Raw data:
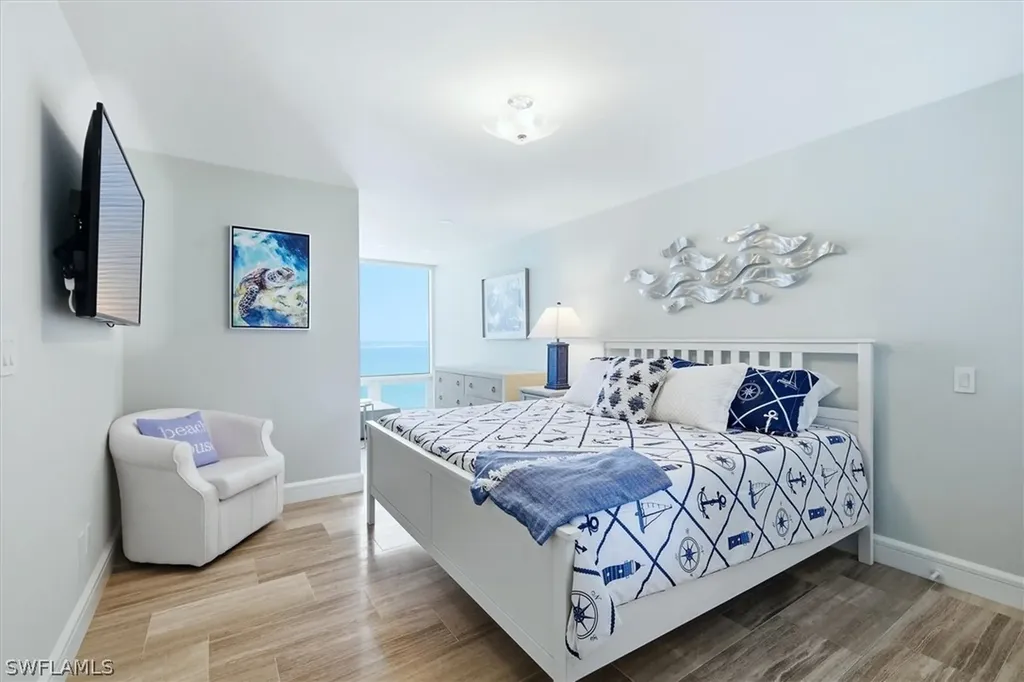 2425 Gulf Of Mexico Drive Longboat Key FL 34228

==

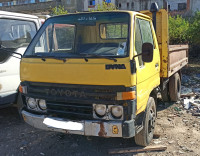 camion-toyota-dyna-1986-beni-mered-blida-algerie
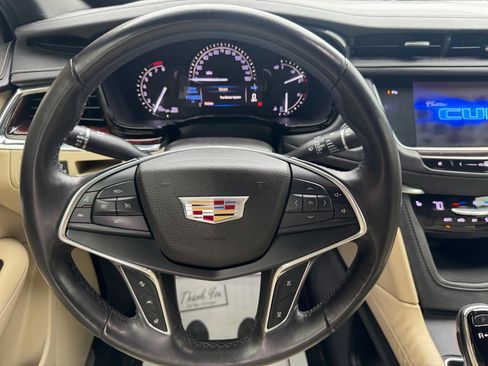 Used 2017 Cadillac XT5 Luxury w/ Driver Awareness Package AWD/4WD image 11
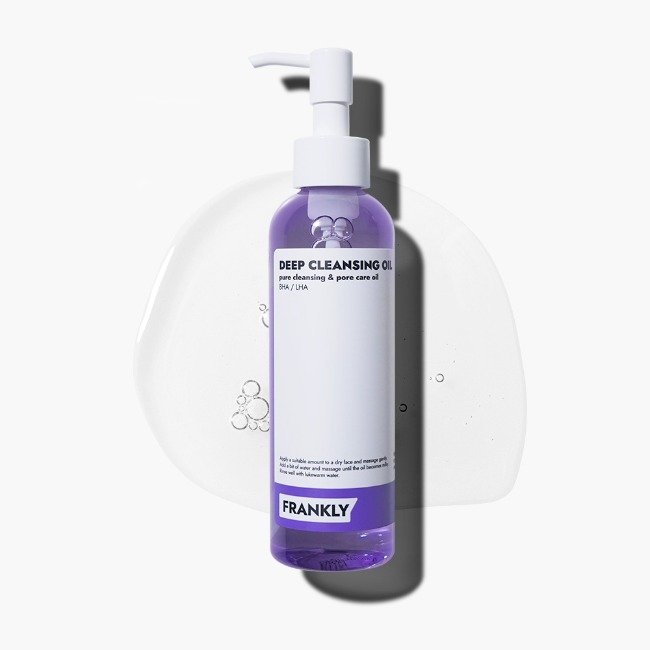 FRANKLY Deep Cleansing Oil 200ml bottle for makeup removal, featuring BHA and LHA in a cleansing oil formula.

The task:
Although pictures appear among the records above, none are to be output; print exactly the lines from the line containing "camion-toyota-dyna-1986-beni-mered-blida-algerie" through the line containing "FRANKLY Deep Cleansing".

Exercise result:
 camion-toyota-dyna-1986-beni-mered-blida-algerie
 Used 2017 Cadillac XT5 Luxury w/ Driver Awareness Package AWD/4WD image 11
 FRANKLY Deep Cleansing Oil 200ml bottle for makeup removal, featuring BHA and LHA in a cleansing oil formula.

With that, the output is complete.